【云原生】Hive on k8s 环境部署
Hive是基于Hadoop的一个数据仓库(Data Aarehouse,简称数仓、DW),可以将结构化的数据文件映射为一张数据库表,并提供类SQL查询功能。是用于存储、分析、报告的数据系统。大数据Hadoop之——数据仓库HiveHive 架构Hive 客户端架构。
一、概述
Hive是基于Hadoop的一个数据仓库(Data Aarehouse,简称数仓、DW),可以将结构化的数据文件映射为一张数据库表,并提供类SQL查询功能。

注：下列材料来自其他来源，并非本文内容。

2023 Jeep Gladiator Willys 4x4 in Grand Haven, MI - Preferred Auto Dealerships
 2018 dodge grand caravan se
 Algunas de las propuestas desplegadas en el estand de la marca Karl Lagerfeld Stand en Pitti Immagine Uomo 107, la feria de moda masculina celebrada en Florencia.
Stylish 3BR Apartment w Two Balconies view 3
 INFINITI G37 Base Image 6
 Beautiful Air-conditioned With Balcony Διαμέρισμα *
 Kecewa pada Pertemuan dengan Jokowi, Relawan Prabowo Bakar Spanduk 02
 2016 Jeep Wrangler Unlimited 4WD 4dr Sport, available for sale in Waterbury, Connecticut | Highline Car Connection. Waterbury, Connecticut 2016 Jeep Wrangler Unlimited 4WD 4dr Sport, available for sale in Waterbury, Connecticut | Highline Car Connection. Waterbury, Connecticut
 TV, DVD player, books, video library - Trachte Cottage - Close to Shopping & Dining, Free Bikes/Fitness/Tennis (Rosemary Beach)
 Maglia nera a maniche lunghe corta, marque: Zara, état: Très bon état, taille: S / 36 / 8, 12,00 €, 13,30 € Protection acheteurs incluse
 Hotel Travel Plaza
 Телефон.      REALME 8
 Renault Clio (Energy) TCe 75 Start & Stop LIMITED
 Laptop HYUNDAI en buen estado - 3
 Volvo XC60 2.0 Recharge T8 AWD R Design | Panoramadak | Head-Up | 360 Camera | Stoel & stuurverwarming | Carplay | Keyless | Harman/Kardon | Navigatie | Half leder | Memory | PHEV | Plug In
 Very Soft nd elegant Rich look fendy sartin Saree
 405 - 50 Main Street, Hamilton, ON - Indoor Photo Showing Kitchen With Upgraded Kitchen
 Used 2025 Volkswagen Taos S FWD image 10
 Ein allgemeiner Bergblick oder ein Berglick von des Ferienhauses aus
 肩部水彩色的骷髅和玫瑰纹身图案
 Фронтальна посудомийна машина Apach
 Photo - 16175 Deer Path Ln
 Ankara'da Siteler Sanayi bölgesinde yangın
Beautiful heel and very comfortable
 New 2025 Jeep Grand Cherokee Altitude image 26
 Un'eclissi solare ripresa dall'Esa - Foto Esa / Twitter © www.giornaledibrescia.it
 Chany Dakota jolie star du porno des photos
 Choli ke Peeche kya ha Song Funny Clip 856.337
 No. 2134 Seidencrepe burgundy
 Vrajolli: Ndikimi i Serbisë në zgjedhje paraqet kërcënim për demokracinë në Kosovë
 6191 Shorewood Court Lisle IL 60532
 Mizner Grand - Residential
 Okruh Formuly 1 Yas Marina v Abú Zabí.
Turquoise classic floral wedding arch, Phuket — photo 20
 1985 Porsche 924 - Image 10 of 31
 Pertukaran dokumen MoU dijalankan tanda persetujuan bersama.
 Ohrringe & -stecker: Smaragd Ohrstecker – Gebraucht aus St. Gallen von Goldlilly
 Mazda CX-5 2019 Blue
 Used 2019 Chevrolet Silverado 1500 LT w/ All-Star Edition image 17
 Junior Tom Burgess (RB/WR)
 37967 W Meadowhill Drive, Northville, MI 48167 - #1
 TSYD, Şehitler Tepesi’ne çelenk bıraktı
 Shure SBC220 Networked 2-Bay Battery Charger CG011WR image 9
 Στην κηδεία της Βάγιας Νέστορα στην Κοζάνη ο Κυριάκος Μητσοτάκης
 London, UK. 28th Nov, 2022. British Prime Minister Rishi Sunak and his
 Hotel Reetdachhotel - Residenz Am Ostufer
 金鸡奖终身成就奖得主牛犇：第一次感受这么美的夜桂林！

是用于存储、分析、报告的数据系统。
Hive 架构
![image.png](https://img-blog.csdnimg.cn/img_convert/ced1c38919bce27c8e5b287a089a1420.png#averageHue=#f2f2f2&clientId=ud26b91ad-99a3-4&crop=0&crop=0&crop=1&crop=1&from=paste&id=uc937bd09&margin=[object Object]&name=image.png&originHeight=713&originWidth=650&originalType=url&ratio=1&rotation=0&showTitle=false&size=190661&status=done&style=none&taskId=u0359c600-2f4f-4e99-bee6-4615e11dda2&title=)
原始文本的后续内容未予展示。